* _TASK GOAL_: The full set of entries is to be printed exactly, with pictures excluded.

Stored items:
--- START ---
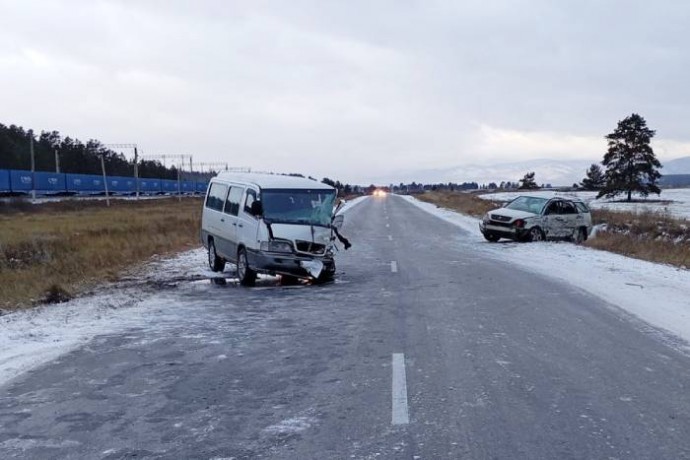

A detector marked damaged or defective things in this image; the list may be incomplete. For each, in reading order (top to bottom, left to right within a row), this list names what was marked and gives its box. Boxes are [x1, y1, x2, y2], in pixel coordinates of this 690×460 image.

damaged suv [478, 196, 592, 243]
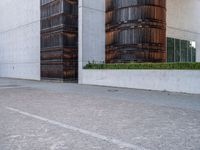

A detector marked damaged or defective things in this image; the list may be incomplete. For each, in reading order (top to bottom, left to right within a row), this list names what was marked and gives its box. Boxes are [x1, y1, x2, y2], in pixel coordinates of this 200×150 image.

rusted metal slatted structure [40, 0, 78, 81]
rusted metal slatted structure [105, 0, 166, 62]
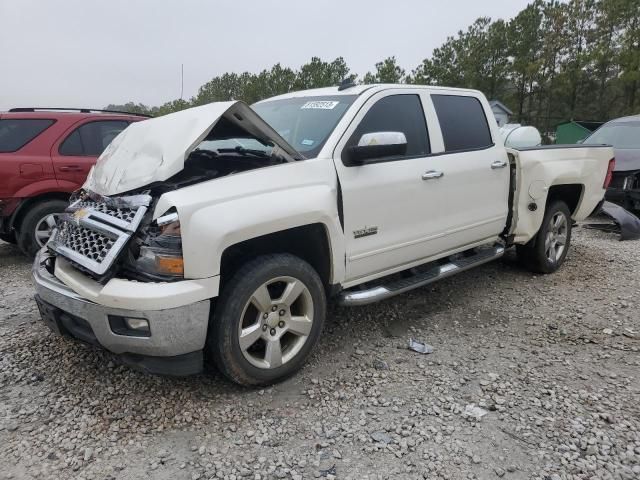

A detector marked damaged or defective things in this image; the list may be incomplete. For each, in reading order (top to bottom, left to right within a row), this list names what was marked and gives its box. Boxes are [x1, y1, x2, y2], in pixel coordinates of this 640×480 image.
--- END ---
* _WRITTEN REPLY_:
A detector marked damaged or defective things in this image; the list may be incomplete. For each, in reading order (top to bottom, left to right within a row), this list names what was marked and gives its box. Boxes are [x1, y1, x2, y2], in pixel coordinates of this 690×460 image.

damaged suv [478, 196, 592, 243]

A detector marked damaged or defective things in this image; the list may be incomplete. For each, in reading order (top to bottom, left to right within a row), this list names what was marked and gives its box. Boxes are [x1, y1, x2, y2], in pixel coordinates of this 200×150 image.

rusted metal slatted structure [40, 0, 78, 81]
rusted metal slatted structure [105, 0, 166, 62]

A detector marked damaged or defective things in this image; the list may be incomplete. For each, in reading order (top to bottom, left to right within a row), this list names what was marked and gives its box. Boxes are [x1, y1, x2, y2], in pixel coordinates of this 640×480 image.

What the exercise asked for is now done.